Total RNA was extracted from tumor tissue using the commercially available Nucleospin RNA II kit (Macherey-Nagel, Germany). Briefly, the frozen tissue samples were crushed into powder using liquid nitrogen and lysis buffer, and β-mercaptoethanol was added to prepare the lysate. The lysate was then filtered and 70% ethanol was added to adjust RNA binding to the columns. Later DNA digestion was performed and pure RNA was eluted. RNA quality and purity was checked using UV Spectrophotometry and by detecting the ribosomal RNA integrity. Complementary DNA (cDNA) was synthesized from 2 μg DNA-free total RNA before PCR analysis.

The Human Angiogenesis RT² Profiler™ PCR Array (SuperArray, USA) was used to identify the expression of 84 key genes involved in modulating the biological processes of angiogenesis.

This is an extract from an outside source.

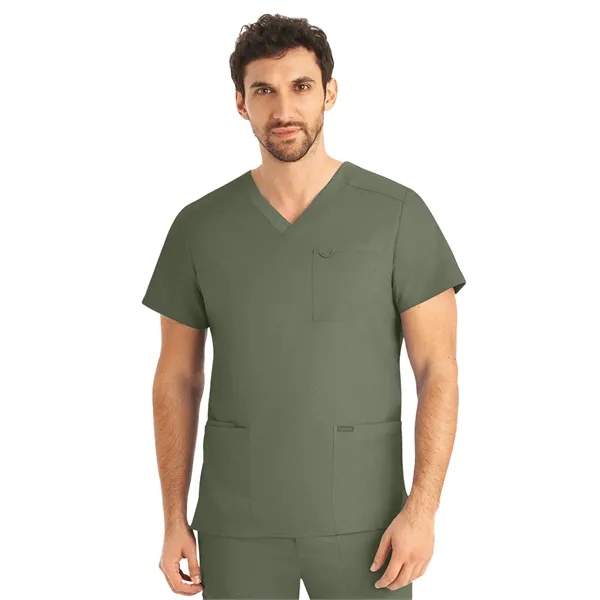 Landau ProFlex Men's Rib-Knit V-Neck Top... from ASI 86018 Scrub Authority / Uniform Stores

The array includes growth factors and their receptors, chemokines and cytokines, matrix and adhesion molecules, proteases and their inhibitors as well as transcription factors, involved in angiogenesis. For each PCR evaluation, amplification and detection was performed with the ABI Prism 7000 Sequence Detection Systems (Applied BioSystems, USA). Average ΔC_t value for each gene across triplicate arrays for each treatment group was calculated. ΔΔC_t for each gene across control and experimental group were determined. Finally the fold change was computed for each gene from control and other groups as 2^(-ΔΔC_t).